Next, Benavides argues that Ingram's testimony as to her fear of
identifying a photograph of him from a photo lineup was unfairly
prejudicial and “excites negative emotions against [him].” The State
responds that, although the jury heard Ingram's testimony that she was
scared to pick Benavides's photo out of the lineup, there was no
testimony or evidence presented as to Ingram's prior contacts with
Benavides that would cause her to be scared. This identification of
Benavides by Ingram is highly probative evidence for the State, and
 
while certainly prejudicial to Benavides, we cannot say it is “unfairly
prejudicial.” See Caballero v. State, 919 S.W.2d 919, 922 (Tex.
App.-Houston [14th Dist.] 1996, pet. ref'd) (stating that testimony
which emphasizes the human impact of a crime may be prejudicial to the
defense, but does not necessarily rise to unfair prejudice).
Accordingly, we c on clude the trial court did not abuse its discretion
in admitting the testimony into evidence. Benavides's first issue is
decided against him.
In addition, we note the record shows that when the prosecution
sought to admit Ingram's written comments into evidence, the defense
objected, and the trial court overruled the objection. However, soon
after the court admitted those written comments into evidence, the
prosecution asked Ingram if she made a comment regarding her
identification of Benavides's photo. She replied: “Yes. I was afraid to
pick him because I was afraid he'd kill me too.” While Benavides's
counsel objected to the admission of the written comment in the police
records, there was no objection raised when the prosecutor subsequently
asked Ingram about her comment while on the witness stand. “[I]t is well
settled that an error in admission of evidence is cured where the same
evidence comes in elsewhere without objection; defense counsel must
object every time allegedly inadmissible evidence is offered.” Hudson v.
State, 675 S.W.2d 507, 511 (Tex. Crim. App. 1984).
 
III. ACCOMPLICE-WITNESS JURY INSTRUCTION
 
 
In his second issue, Benavides argues the trial court erred when
 
it failed to instruct the jury regarding accomplice-witness testimony.

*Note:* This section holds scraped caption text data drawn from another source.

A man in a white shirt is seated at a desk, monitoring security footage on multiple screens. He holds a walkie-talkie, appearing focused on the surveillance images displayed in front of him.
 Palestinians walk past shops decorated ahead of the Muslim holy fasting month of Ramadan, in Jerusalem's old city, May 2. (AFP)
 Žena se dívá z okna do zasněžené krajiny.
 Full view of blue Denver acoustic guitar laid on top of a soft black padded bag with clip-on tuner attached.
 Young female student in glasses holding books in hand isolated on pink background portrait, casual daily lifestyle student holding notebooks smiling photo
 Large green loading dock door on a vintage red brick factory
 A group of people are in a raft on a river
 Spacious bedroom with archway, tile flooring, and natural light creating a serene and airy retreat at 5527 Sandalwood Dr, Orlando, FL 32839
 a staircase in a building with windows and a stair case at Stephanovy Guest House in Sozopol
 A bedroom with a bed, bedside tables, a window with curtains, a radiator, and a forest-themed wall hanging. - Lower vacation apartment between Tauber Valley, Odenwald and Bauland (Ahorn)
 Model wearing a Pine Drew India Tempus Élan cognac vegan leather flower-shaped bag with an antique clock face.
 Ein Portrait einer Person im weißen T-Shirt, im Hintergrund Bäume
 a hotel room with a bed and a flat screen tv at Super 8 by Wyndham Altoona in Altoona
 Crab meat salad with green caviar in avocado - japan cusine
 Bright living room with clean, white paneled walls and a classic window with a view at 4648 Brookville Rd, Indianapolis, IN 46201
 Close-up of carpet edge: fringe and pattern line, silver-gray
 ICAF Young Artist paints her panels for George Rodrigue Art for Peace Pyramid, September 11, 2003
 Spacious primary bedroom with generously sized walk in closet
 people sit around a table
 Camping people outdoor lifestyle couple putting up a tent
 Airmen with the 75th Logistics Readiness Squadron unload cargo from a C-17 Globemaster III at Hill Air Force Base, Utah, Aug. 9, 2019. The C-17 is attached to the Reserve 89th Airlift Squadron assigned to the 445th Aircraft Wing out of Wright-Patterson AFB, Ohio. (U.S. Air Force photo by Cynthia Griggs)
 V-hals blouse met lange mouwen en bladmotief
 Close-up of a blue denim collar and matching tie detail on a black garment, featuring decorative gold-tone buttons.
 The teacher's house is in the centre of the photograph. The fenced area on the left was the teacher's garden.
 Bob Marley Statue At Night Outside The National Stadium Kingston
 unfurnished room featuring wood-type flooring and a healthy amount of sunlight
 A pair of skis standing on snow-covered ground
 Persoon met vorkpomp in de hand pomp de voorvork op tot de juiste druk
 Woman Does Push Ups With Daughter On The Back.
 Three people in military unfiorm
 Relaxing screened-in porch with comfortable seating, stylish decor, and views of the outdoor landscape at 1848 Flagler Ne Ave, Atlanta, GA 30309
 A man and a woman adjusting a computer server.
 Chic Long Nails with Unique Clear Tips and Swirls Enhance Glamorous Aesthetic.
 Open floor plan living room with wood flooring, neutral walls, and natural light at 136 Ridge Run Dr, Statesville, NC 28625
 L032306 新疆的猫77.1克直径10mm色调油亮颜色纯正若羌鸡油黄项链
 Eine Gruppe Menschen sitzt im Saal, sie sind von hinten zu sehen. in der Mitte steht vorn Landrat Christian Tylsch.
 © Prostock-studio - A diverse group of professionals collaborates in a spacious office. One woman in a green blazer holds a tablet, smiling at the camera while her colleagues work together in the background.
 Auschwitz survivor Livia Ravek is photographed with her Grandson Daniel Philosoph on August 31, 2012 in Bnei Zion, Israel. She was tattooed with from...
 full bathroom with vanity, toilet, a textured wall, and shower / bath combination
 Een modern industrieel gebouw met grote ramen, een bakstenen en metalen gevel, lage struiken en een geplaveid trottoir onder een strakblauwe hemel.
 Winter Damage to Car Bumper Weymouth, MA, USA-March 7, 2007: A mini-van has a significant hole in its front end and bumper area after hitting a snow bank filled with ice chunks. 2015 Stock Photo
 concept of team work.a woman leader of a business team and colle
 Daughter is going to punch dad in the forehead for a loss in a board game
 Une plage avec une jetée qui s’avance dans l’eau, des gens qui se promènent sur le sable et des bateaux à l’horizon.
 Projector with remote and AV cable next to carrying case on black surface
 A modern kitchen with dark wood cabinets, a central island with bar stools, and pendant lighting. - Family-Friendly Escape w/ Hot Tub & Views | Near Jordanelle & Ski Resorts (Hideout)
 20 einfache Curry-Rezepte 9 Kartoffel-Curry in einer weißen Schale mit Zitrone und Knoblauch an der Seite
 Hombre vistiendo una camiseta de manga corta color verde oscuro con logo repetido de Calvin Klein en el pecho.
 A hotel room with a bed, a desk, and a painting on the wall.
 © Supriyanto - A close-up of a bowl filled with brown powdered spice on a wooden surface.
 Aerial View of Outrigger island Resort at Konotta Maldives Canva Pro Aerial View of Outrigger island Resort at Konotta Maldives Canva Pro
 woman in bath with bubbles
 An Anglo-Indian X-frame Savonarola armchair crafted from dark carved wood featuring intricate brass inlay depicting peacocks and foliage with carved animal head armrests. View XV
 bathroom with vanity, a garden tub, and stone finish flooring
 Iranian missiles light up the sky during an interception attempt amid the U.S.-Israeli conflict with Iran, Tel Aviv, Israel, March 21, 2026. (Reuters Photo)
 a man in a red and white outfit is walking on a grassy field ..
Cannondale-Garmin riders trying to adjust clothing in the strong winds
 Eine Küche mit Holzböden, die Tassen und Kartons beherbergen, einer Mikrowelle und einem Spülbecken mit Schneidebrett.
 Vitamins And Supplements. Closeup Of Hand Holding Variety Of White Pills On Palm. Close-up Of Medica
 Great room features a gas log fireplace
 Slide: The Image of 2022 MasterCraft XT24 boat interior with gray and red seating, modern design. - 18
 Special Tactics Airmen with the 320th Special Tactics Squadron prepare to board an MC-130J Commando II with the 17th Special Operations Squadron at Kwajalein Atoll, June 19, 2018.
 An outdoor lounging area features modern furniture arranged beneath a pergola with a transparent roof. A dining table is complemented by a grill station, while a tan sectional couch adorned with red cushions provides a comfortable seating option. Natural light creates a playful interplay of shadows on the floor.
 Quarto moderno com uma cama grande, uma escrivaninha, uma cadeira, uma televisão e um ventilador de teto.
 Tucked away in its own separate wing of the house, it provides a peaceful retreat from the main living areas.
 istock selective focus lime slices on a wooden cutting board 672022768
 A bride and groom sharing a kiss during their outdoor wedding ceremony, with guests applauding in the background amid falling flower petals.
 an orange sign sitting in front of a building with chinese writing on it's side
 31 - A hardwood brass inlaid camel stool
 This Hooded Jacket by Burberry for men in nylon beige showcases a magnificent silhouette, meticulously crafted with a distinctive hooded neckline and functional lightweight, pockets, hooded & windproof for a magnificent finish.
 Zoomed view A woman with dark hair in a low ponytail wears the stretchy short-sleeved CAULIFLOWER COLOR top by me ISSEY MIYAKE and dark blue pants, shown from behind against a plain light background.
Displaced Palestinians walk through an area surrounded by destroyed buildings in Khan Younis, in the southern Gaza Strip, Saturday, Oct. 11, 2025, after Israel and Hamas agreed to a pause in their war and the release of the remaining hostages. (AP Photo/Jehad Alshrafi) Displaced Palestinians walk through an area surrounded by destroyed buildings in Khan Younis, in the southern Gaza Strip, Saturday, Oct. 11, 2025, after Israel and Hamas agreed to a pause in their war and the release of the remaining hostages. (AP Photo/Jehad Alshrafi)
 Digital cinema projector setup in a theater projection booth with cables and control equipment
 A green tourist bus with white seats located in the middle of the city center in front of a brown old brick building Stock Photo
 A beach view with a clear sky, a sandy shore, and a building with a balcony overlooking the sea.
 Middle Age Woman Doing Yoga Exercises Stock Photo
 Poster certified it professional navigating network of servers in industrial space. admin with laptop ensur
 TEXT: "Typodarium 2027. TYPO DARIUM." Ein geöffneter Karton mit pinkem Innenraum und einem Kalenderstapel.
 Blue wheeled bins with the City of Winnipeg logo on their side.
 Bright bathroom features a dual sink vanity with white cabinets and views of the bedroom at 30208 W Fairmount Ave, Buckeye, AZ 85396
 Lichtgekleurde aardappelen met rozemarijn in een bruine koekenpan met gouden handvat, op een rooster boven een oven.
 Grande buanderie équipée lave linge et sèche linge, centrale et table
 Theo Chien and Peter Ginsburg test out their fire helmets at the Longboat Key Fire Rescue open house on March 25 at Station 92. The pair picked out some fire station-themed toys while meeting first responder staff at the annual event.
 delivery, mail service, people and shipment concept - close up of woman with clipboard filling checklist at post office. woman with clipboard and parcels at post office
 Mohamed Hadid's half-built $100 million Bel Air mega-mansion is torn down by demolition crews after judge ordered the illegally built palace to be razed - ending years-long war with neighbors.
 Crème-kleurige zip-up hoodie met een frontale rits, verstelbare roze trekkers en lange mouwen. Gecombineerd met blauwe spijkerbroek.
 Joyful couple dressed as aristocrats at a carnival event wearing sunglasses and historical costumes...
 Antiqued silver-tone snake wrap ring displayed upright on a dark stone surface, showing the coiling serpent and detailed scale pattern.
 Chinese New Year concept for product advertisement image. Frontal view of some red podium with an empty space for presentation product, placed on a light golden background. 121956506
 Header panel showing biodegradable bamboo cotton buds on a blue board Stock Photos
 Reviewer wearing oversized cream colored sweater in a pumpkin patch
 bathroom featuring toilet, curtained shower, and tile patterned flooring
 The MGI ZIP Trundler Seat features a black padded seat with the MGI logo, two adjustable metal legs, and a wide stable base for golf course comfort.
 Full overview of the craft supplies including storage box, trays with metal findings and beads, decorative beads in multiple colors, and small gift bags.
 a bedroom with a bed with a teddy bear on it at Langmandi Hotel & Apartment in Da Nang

The State agrees failure to include this instruction constituted error,
but argues any error was harmless because the omission of the
instruction did not egregiously harm Benavides.
 
A. Standard of Review
 
 
An appellate court reviews a trial court's submission of jury
instructions under an abuse of discretion standard. Slott v. State, 148
S.W.3d 624, 632 (Tex. App.-Houston [14th Dist.] 2004, pet. ref'd)
(citing Wesbrook v. State, 29 S.W.3d 103, 122 (Tex. Crim. App. 2000)).
 
B. Applicable Law
 
 
“Texas law requires that, before a conviction may rest upon an
accomplice witness's testimony, that testimony must be corroborated by
independent evidence tending to connect the accused with the crime.”
Druery v. State, 225 S.W.3d 491, 498 (Tex. Crim. App. 2007) (citing Tex.
Code Crim. Proc. Ann. art. 38.14). An accomplice is a person who
participates in an offense, before, during, or after the commission of a
crime and acts with the required culpable mental state. Cocke v. State,
 201 S.W.3d 744, 748 (Tex. Crim. App. 2006); Paredes v. State, 129 S.W.3d
530, 536 (Tex. Crim. App. 2004); Herron v. State, 86 S.W.3d 621, 631
(Tex. Crim. App. 2002). To participate in an offense, the accomplice
witness must affirmatively act to promote the commission of the offense.
Cocke, 201 S.W.3d at 748; Paredes, 129 S.W.3d at 536. When a co-indictee
testifies for the State against the accused, he or she is an accomplice
witness as a matter of law. East v. State, 702 S.W.2d 606, 616 (Tex.
Crim. App. 1985).
 
If the witness is an accomplice as a matter of law, the trial
court has the duty to instruct the jury of this fact and of the
necessity of corroborative evidence. See Cocke, 201 S.W.3d at 747-48.
Failing to so instruct is error. Herron, 86 S.W.3d at 631.
If an appellate court finds that the trial court erred in
failing to instruct the jury and no objection was made during trial, it
will reverse only if the error is so egregious and created such harm
that the appellant was denied a fair and impartial trial. Almanza v.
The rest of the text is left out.